Sharon D'AgostinoSharon D’Agostino has been working to keep women around the world healthy.

D’Agostino assumed responsibility for strategic philanthropy at Johnson and Johnson in 2006 and was appointed vice president of corporate citizenship in April 2012. She has been integral in the company’s five-year commitment to the United Nations’ secretary general’s 2010 Every Woman Every Child campaign, a "call to action" with the aim to establish health programs and policies that will save the lives of 16 million women and children by the end of 2015.

Her work with Johnson and Johnson has helped build partnerships and programs focused on maternal and child health, including MAMA: the Mobile Alliance for Maternal Action, which delivers health information to new and expectant mothers in low-resource settings via their mobile phones.

"I feel connected to so many women I’ve never even met," D’Agostino said, "and am grateful to work with colleagues and partners committed to improving the health of girls, women and children."

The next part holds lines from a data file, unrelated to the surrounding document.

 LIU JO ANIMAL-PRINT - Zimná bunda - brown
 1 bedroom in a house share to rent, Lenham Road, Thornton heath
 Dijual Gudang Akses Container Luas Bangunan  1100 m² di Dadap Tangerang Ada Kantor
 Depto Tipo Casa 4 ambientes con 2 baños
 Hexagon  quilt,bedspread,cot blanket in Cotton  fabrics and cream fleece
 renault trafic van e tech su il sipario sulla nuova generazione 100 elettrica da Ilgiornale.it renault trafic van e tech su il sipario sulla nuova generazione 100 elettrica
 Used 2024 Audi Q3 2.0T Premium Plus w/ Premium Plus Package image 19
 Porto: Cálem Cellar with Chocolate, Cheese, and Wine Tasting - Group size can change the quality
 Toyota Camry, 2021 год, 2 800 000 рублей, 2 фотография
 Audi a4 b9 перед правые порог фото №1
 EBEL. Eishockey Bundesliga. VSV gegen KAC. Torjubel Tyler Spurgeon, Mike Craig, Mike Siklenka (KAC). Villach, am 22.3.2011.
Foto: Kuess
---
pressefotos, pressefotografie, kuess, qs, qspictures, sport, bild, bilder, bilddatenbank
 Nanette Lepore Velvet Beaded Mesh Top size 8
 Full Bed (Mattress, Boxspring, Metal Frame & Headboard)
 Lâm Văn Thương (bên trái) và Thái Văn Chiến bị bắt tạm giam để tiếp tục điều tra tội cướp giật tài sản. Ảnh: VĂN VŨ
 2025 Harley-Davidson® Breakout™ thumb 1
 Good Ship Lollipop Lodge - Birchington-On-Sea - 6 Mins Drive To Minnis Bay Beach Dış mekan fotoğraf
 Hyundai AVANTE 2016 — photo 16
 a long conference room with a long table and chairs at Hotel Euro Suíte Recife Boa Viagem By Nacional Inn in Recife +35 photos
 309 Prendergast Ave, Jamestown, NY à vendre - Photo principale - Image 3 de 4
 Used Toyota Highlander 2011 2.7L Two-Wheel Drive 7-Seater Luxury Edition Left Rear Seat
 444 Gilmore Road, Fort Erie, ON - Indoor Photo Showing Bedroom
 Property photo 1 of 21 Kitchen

Raised in New Jersey by parents who themselves were raised by strong women, D’Agostino was an adult before she realized that women’s rights were central to women’s health. It was while teaching French, her first job after graduating from college, that D’Agostino served on several school committees and had some realizations.

"As part of those committees, I began to notice how much women had an opportunity to provide a unique voice, and I decided to go to business school," D’Agostino said.

Not long after graduating, in 1989, she joined Johnson and Johnson as a part of the company’s consumer business.

"I was told that my kindness was going to hurt my career," D’Agostino said. Yet she eventually became the skincare franchise’s global president, until 2006 when she accepted a corporate role.

As D’Agostino travels the world to speak with and learn from local women, inspiration comes from "every single woman I have met," she said. During a visit in Malawi, for example, she sat with an HIV positive woman on the floor of her home as she learned how to prevent passing the infection to her baby. "Her commitment to her baby was breathtaking."

D’Agostino also served as a representative of the private sector on the board of the World Health Organization’s Partnership for Maternal, Newborn and Child Health and is in the corporate cabinet for the U.N. Special Envoy’s Millennium Development Goals Health Alliance.

"I am honored to add my voice to so many around the world," D’Agostino said. "I will continue to advocate for the health, survival and education of women and their families–always."

–By Crystal Lewis

Dorothy Davis: Transcontinental Developer of African Economic Justice

Dorothy Davis

Dorothy Davis has been a pioneer all of her life.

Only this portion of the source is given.